There are also relocation cases that discuss an employers burden following the injured worker’s move to a new locale. In cases where the injured worker relocates after the injury, the Fourth Circuit held that administrative law judges should determine the relevant labor market after considering such factors as claimant’s residence at the time he files for benefits, his motivation for relocating, the legitimacy of that motivation, the duration of his stay in the new community, and the availability of jobs in the new location as opposed to his former residence. See v. Washington Metro. Area Transit Auth., 36 F.3d 375 (4th Cir. 1994); see also Wood v. U.S. Dept. of Labor, 112 F.3d 592 (1st Cir. 1997) (approvingly citing See).
For Alaska, I suggest that litigants remain cognizant of the relevant caselaw. At the same time, litigants should not ignore the Alaska statutes that discuss the relevant labor market for state compensation claims. But can Longshore or DBA litigants borrow from state workers’ compensation schemes to answer Longshore or DBA questions? The answer is, “Yes.”

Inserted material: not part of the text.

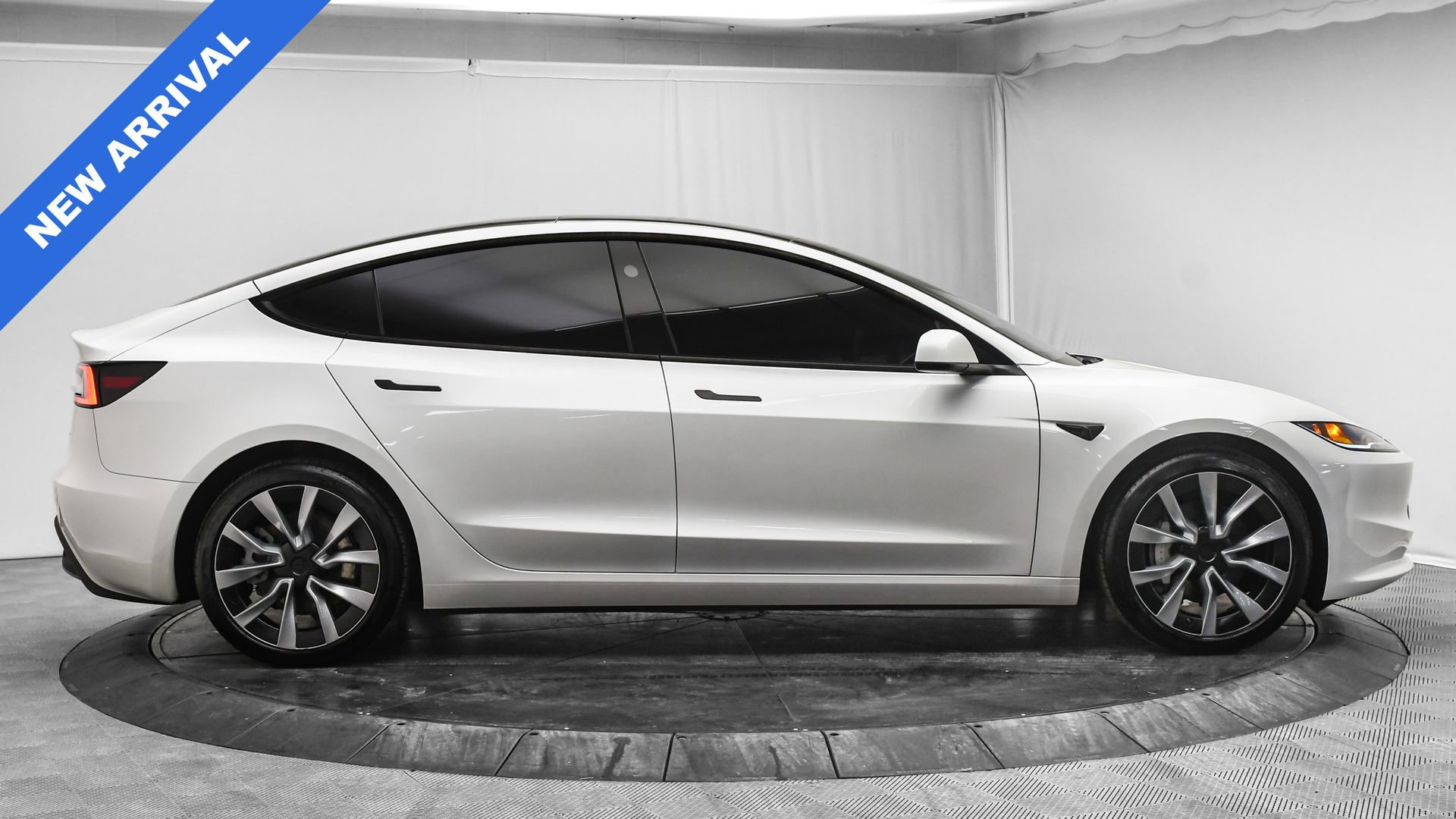 Used 2025 Tesla Model 3 Long Range image 10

Use of state workers’ compensation schemes to define or clarify the Longshore or Defense Base Act is nothing new in the Ninth Circuit, which has jurisdiction over Alaska. Consider that court’s recent Kealoha decision. The Ninth Circuit used state workers’ compensation decisions to abandon the “irresistible impulse” rule in Longshore suicide cases in favor of a “chain of causation” test. Kealoha v. Dir., OWCP, 713 F.3d 521 (9th Cir. 2013). The court even went so far as to specifically state:
State workers’ compensation laws are relevant here because Congress passed the Longshore Act to provide workers’ compensation to maritime workers who could not be covered by state workers’ compensation laws. See H.R.Rep. No. 69-1767, at 20 (1927) (noting that the law will afford maritime workers “the same remedies that have been provided by legislation for those killed or injured in the ocurse of their employment in nearly every State in the Union”); S.Rep. No. 69-973, at 16 (1926) (“If longshoremen could avail themselves of the benefits of State compensation laws, there would be no occasion for this legislation….”).
Id. at n.2.
If state workers’ compensation laws are relevant in the Ninth Circuit, then Alaska’s statutory definition of the “relevant labor market” should be relevant too. In Alaska, the “relevant labor market” includes: (1) the injured worker’s area of residence; (2) the area of claimant’s last employment; (3) the injured worker’s state of residence; and (4) the entire State of Alaska. See Alaska Stat. § 23.30.180 (2013). The Supreme Court of Alaska also weighed in on the “relevant labor market,” and its reasoning is persuasive:
We have held that the requirement that the employer provide evidence of regular and continuously available work in the statutorily defined market has been satisfied by surveys of specific and relevant markets. This implies that evidence about the specific market is required. Moreover, as a general proposition, we note that conditions affecting the employment markets in Alaska are sufficiently different from conditions affecting employment markets in other parts of the country that evidence specific to Alaska is normally required when Alaska is a relevant labor market under AS 23.30.180(a).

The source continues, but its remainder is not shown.